The PASS Technique and Monthly Maintenance
Owning an extinguisher is worthless if no one knows how to use it. PASS is the standard technique taught by every fire department in the US.
Pull, Aim, Squeeze, Sweep
Pull the pin out of the handle, aim the nozzle at the base of the flames (not the flame tops), squeeze the handle, sweep side to side across the base. A 5-pound extinguisher discharges for 13 to 20 seconds—you only get one shot.
Monthly pressure gauge check
Set a recurring monthly calendar reminder. Check that the pressure gauge needle sits in the green zone on every extinguisher. Any needle outside green means the unit has lost pressure and must be recharged or replaced.

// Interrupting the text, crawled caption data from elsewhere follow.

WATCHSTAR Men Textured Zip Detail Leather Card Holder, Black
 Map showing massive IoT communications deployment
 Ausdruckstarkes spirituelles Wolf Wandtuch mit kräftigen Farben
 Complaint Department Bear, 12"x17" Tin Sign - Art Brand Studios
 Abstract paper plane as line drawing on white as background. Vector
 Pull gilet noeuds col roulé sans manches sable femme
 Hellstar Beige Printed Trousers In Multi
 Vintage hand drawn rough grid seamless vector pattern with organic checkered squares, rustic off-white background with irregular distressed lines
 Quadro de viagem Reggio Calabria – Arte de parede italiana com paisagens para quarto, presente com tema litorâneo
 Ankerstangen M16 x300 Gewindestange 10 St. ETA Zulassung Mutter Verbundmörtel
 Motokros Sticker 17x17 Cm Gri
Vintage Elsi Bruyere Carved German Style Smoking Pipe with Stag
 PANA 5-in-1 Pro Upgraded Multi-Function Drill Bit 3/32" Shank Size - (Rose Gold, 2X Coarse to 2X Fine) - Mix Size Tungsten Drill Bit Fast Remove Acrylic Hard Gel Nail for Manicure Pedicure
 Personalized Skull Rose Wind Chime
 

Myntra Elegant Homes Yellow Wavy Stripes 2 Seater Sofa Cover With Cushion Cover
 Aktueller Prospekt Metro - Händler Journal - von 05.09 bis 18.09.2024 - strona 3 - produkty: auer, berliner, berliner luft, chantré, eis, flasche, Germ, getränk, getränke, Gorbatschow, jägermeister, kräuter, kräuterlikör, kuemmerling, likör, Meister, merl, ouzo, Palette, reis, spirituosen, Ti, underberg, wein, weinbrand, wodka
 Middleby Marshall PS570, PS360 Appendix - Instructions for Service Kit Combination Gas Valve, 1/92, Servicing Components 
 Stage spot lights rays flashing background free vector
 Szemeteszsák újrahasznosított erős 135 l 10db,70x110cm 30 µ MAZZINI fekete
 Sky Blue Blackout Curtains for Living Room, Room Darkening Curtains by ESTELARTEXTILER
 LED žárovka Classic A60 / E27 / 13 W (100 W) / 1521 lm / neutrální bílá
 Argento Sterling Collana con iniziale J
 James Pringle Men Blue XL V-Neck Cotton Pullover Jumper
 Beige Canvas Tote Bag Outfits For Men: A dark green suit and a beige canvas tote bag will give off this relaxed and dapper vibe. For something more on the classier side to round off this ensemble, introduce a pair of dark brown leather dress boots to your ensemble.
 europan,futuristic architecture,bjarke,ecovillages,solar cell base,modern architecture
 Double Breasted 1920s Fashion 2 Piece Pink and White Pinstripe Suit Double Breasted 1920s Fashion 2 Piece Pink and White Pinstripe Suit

Replace disposable units every 10 years
Disposable extinguishers have a manufacture date stamped on the canister. Replace the unit 10 years from that date regardless of gauge reading. Chemical compounds settle and seals degrade over time.
Pro Tips
- •Never fight a fire larger than a wastebasket: Extinguishers handle small, contained fires. If the fire is taller than you, spreading to walls, or producing heavy smoke—evacuate and call 911. Don't be a hero.
- •Keep a fire blanket in the kitchen too: A $25 fire blanket smothers grease fires faster than an extinguisher and makes no mess. Mount it next to the extinguisher. Never use water on a grease fire.
- •Dispose of old extinguishers at a hazmat facility: Do not throw old or used extinguishers in household trash. Check your county's hazardous waste schedule, or many fire stations accept drop-offs on Saturdays.
- •Write the purchase date on the canister with a Sharpie: The manufacture date and purchase date are different. Writing the date you bought and installed it makes the 10-year replacement timeline unambiguous.
Frequently Asked Questions
How many fire extinguishers does a house need?
A single-family home needs at least one ABC-rated fire extinguisher per floor plus one in the garage or workshop, for a minimum of 3 to 4 extinguishers in a typical two-story home with garage. The kitchen should have a 5-pound ABC extinguisher because it's the highest-fire-risk room. Other locations can use 2-pound units. Additional extinguishers are recommended near any wood stove, fireplace, or home shop with power tools.
Where should a kitchen fire extinguisher be located?
Mount the kitchen fire extinguisher near the exit or entry doorway of the kitchen, at least 6 feet from the stove and oven. Placing an extinguisher too close to the stove means reaching through flames to grab it during a stove fire. The extinguisher should be visible, not hidden in a cabinet, and mounted 3.5 to 5 feet off the floor. Use the wall bracket that comes with the extinguisher so it stays in place and is always grab-ready.
How long do fire extinguishers last?
Disposable home fire extinguishers last approximately 10 to 12 years from the manufacture date printed on the canister. Check the pressure gauge monthly—the needle must remain in the green zone. Rechargeable extinguishers can be serviced by a local fire safety company every 6 years for a full internal inspection. Replace any extinguisher after any use, even partial, because the valve seal is compromised and pressure will bleed off over time.